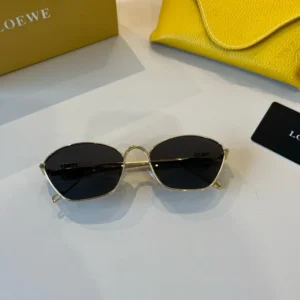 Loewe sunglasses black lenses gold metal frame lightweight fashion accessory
______
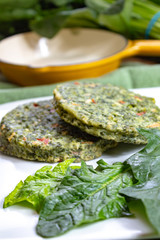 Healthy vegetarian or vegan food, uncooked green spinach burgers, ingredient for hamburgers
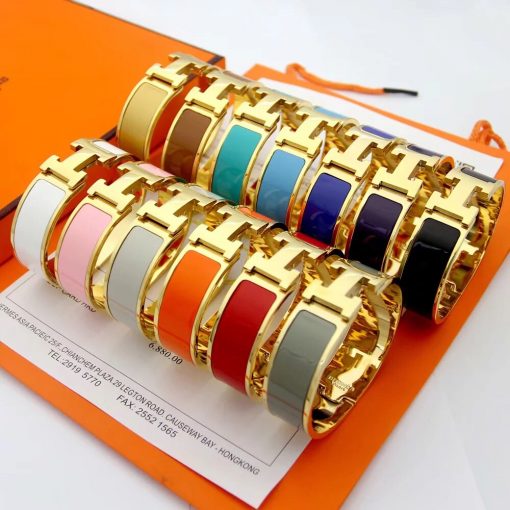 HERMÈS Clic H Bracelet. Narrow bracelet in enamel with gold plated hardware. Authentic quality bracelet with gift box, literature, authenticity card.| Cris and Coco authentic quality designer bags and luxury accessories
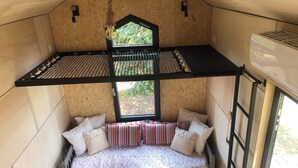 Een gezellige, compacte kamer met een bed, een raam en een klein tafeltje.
______
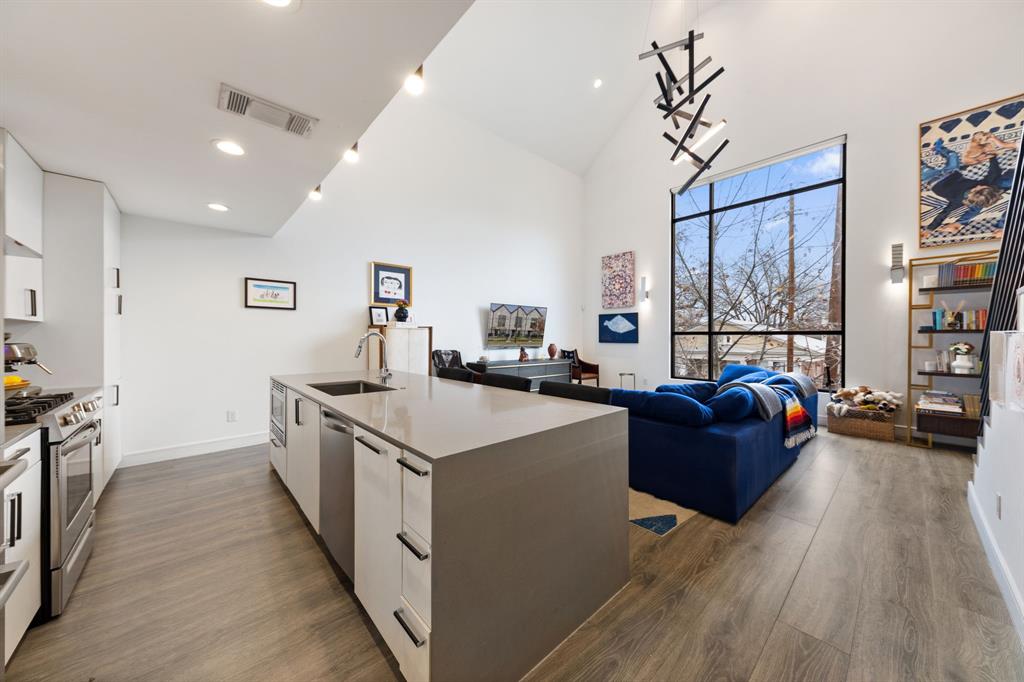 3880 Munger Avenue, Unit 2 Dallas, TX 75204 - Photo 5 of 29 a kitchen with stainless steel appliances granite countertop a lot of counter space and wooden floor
______
Activity: Starting at the line above that has "HERMÈS Clic H" and ending at the line that has "Een gezellige, compacte", copy each line exactly, leaving the pictures out and adding nothing.

Completed exercise:
 HERMÈS Clic H Bracelet. Narrow bracelet in enamel with gold plated hardware. Authentic quality bracelet with gift box, literature, authenticity card.| Cris and Coco authentic quality designer bags and luxury accessories
 Een gezellige, compacte kamer met een bed, een raam en een klein tafeltje.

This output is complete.